What to produce: Give each line of the records again exactly and omit every picture.

Information shown:
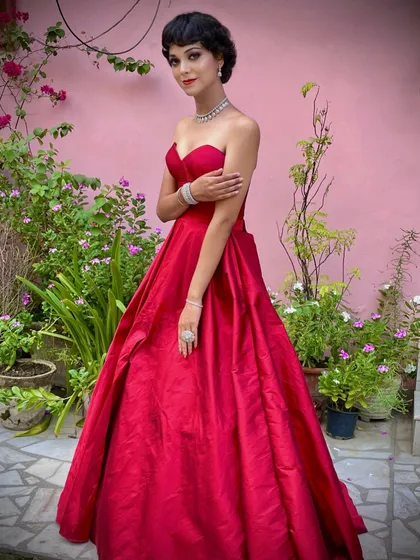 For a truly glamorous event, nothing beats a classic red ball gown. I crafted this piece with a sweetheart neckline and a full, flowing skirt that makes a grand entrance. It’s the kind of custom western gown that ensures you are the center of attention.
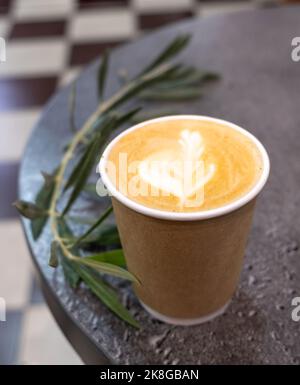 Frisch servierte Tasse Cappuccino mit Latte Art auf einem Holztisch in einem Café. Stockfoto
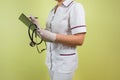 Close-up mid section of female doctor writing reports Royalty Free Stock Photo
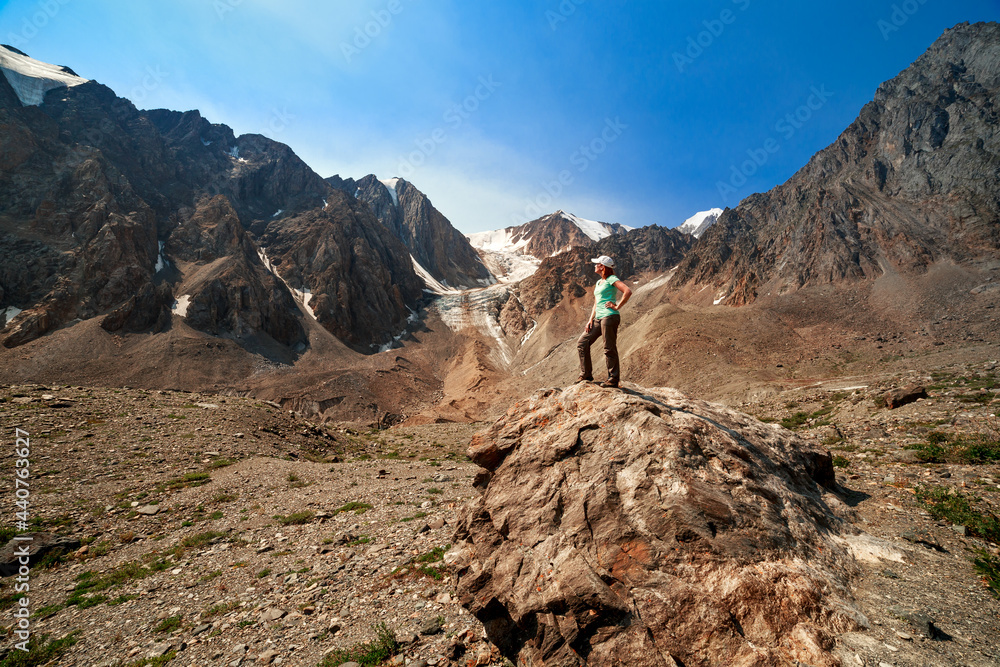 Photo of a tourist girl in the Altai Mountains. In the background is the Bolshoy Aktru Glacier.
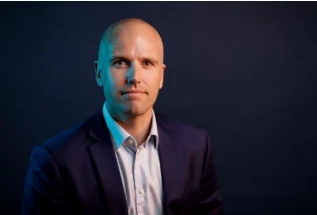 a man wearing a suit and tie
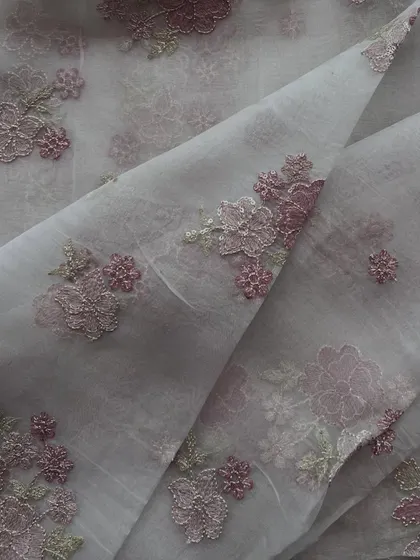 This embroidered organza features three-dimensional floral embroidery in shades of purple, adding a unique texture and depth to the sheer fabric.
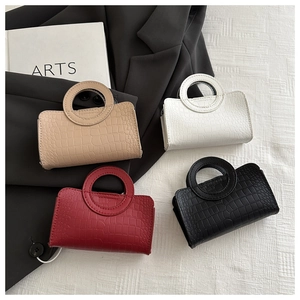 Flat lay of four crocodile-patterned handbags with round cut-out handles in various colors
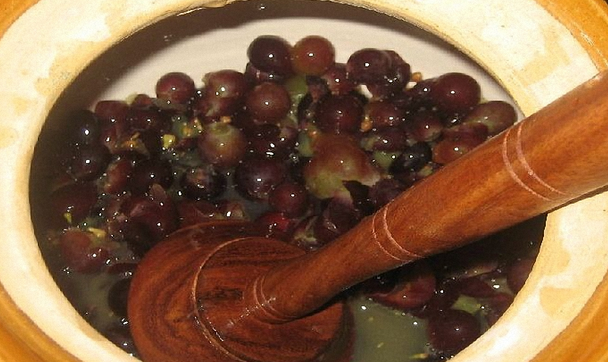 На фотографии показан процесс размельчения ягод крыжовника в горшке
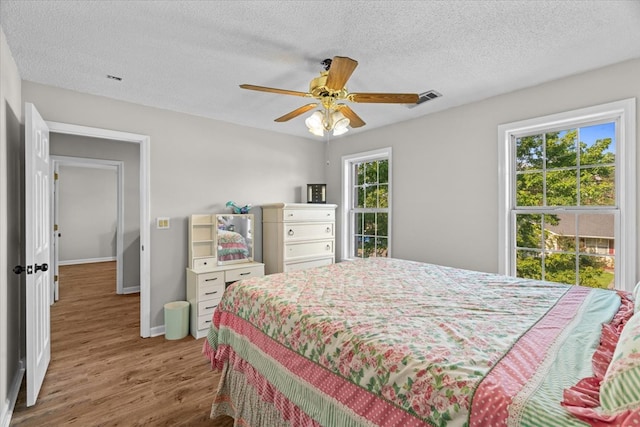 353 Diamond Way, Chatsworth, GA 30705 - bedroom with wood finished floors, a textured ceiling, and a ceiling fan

Exercise result:
 For a truly glamorous event, nothing beats a classic red ball gown. I crafted this piece with a sweetheart neckline and a full, flowing skirt that makes a grand entrance. It’s the kind of custom western gown that ensures you are the center of attention.
 Frisch servierte Tasse Cappuccino mit Latte Art auf einem Holztisch in einem Café. Stockfoto
 Close-up mid section of female doctor writing reports Royalty Free Stock Photo
 Photo of a tourist girl in the Altai Mountains. In the background is the Bolshoy Aktru Glacier.
 a man wearing a suit and tie
 This embroidered organza features three-dimensional floral embroidery in shades of purple, adding a unique texture and depth to the sheer fabric.
 Flat lay of four crocodile-patterned handbags with round cut-out handles in various colors
 На фотографии показан процесс размельчения ягод крыжовника в горшке
 353 Diamond Way, Chatsworth, GA 30705 - bedroom with wood finished floors, a textured ceiling, and a ceiling fan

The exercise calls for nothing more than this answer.